<<<<
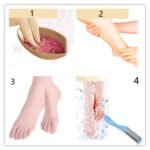 6479 Removing Hard, Cracked, Dead Skin Cells - Professional Callus Remover Foot Corn Remover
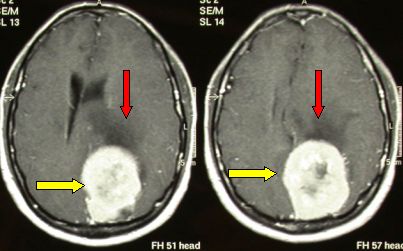 parietal meningioma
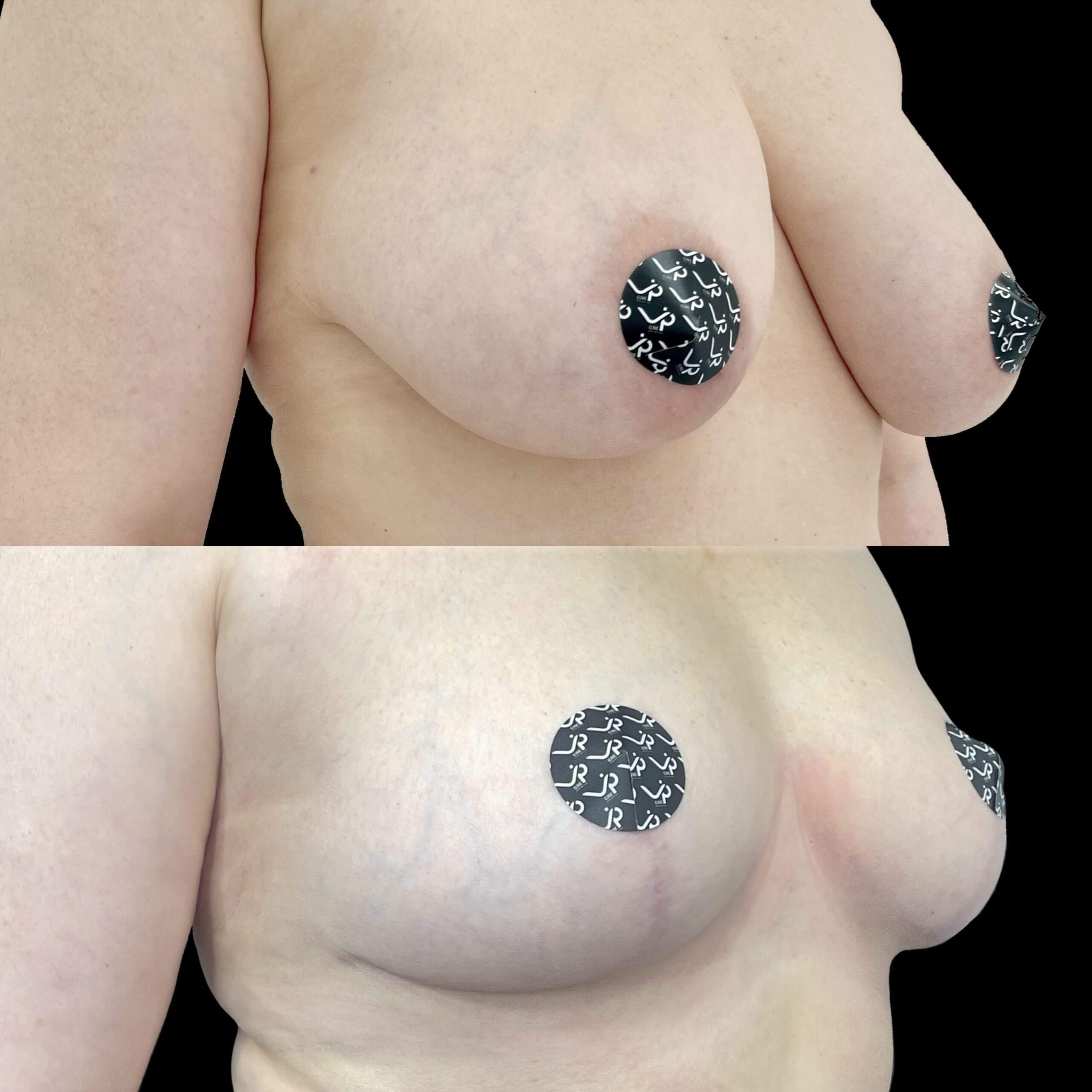 Подтяжка груди (мастопексия) 01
>>>>
§ Task description
Restate all the material verbatim; omit every picture.

§ Result of this task
 6479 Removing Hard, Cracked, Dead Skin Cells - Professional Callus Remover Foot Corn Remover
 parietal meningioma
 Подтяжка груди (мастопексия) 01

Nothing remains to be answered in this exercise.